Nibley — The City Council gave first-reading approval to Ordinance 26-07 on May 28 after a detailed staff presentation and council questions about measurement and taxpayer optics.
Justin Mahal (city staff) explained the structure: the proposed ranges were developed from a market study and set maximums as a percent above defined midpoints ("the max would be a 155 for that position"), with a policy goal of moving employees toward the midpoint over a roughly five-year window. Mahal said the plan includes both a COLA and a targeted pay-for-performance component and that the ordinance does not guarantee specific pay increases for every employee — rather it sets maximum allowable pay ranges and budget parameters.
Council members asked how performance would be measured and whether the program would increase taxes; Mahal described quarterly supervisory conversations called "core culture conversations" and annual performance reviews that inform merit components.
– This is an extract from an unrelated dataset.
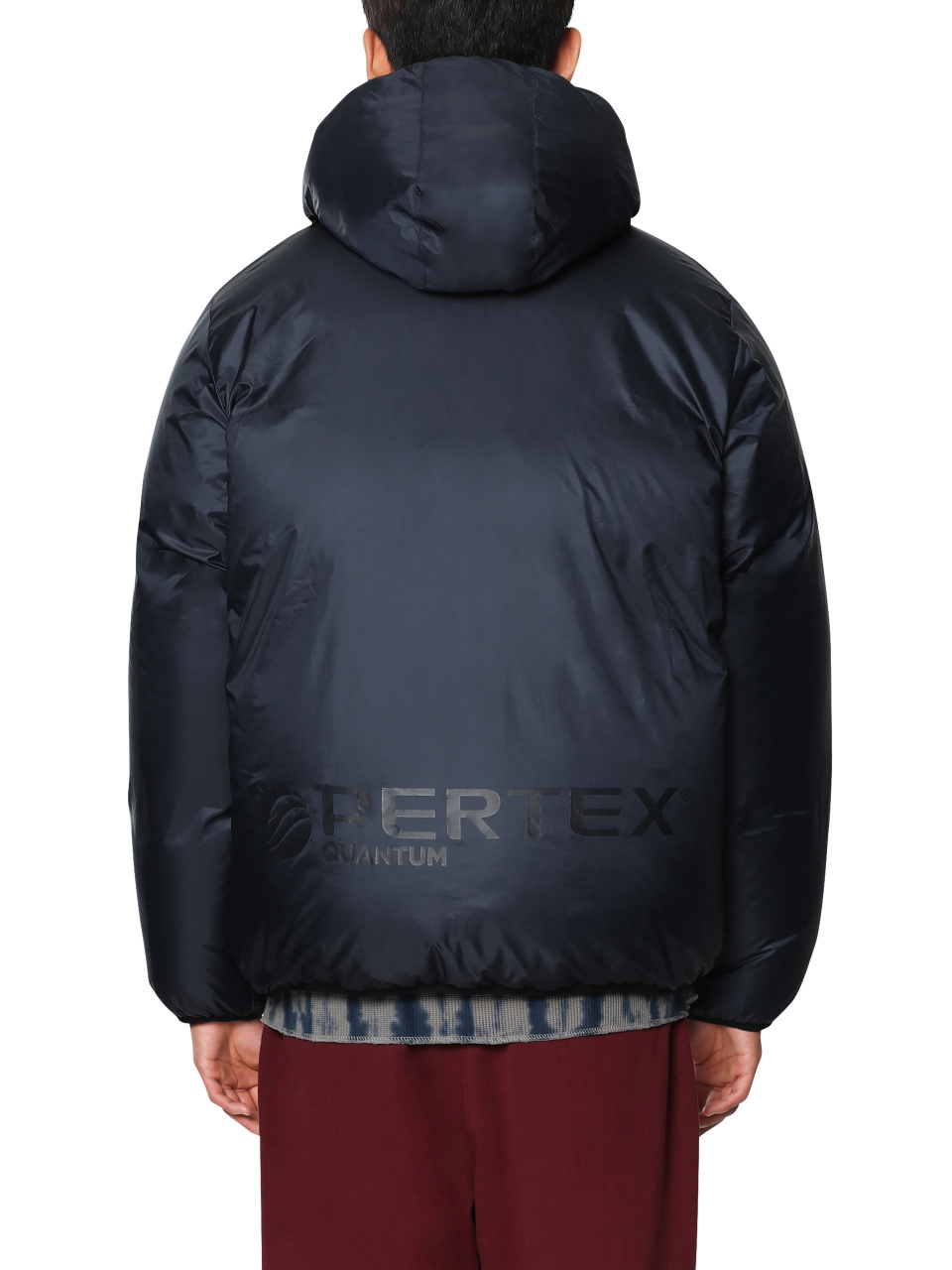 디스이즈네버댓(THISISNEVERTHAT) PERTEX® DSN Reversible Down Jacket Grey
Mayor (presiding) noted private industry differences and emphasized the council’s responsibility to weigh taxpayer impact; one council member expressed concern about optics while another highlighted the cost of turnover.
The ordinance was advanced on first reading (voice vote recorded in the meeting as 3 in favor, 1 opposed). Staff said the details of pay increases (actual COLA or merit awards for individual positions) would follow standard personnel procedures and budget availability.
Next steps: the ordinance proceeds through the required subsequent readings and formal adoption steps; staff will continue to clarify implementation details and measurement processes.